Sizing accuracy of MFL and UT tools.
MFL-IP: magnetic flux leakage intelligent pig; UT: ultrasonic testing.
As shown in Table 1, the standard MLP-IP has a sizing accuracy of ±20%t with 80% confidence level. Although this error margin is significantly high, yet this standard resolution tool is preferred by most operators due to its comparatively low cost when compared to higher resolution techniques. This implies that the error in the measurements of the MFL-IP tool may cause an under- or over-estimation of the actual condition of the pipeline. This may result in operating a faulty pipeline or replacing a good one.
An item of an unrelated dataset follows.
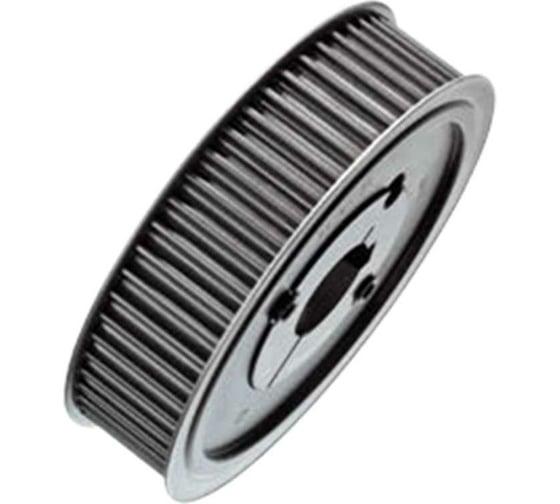 Изображение товара Шкив OPTIBELT 72-14M-55 TB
Different studies have been carried out to handle the error in ILI measurements. Yet, the majority of the suggested methods were parametric-based models. The simple least square regression (LSR) line was suggested by Hallen et al. 11 to calibrate the measurements of an ILI tool with some real field measurements. McNealy et al. 13 proposed the API 1163 model for calibrating the error in corrosion measurements scanned with ILI tool with the field measurements. The assumption about corrosion measurements being normally distributed is required to apply such calibration. Average for tolerance calibration model was applied by Din et al. 14 to estimate the calibrated corrosion rate of a certain pipeline using the corrosion data of three previous scans from different years. Caleyo et al. 15 developed a statistical calibration method based on parametric regression estimators to calibrate the measurements of an MFL pig tools using the ultrasonic ILI-reported data and corresponding field measurements. The calibration process was based on comparing the growth of the pipeline defects using the readings of different tools as done by Salama et al. 16 Others used the corrosion data from different scans at different times as done by Din et al. 14 Abdolrazaghi et al. 17 proposed the calibration of MFL-IP with the data of UT scan tool using the linear regression model. The calibration was done based on the readings of three runs of both MFL-IP and UT device. The error in ILI measurements was assumed to follow the normal distribution in order to perform the aforementioned calibration method.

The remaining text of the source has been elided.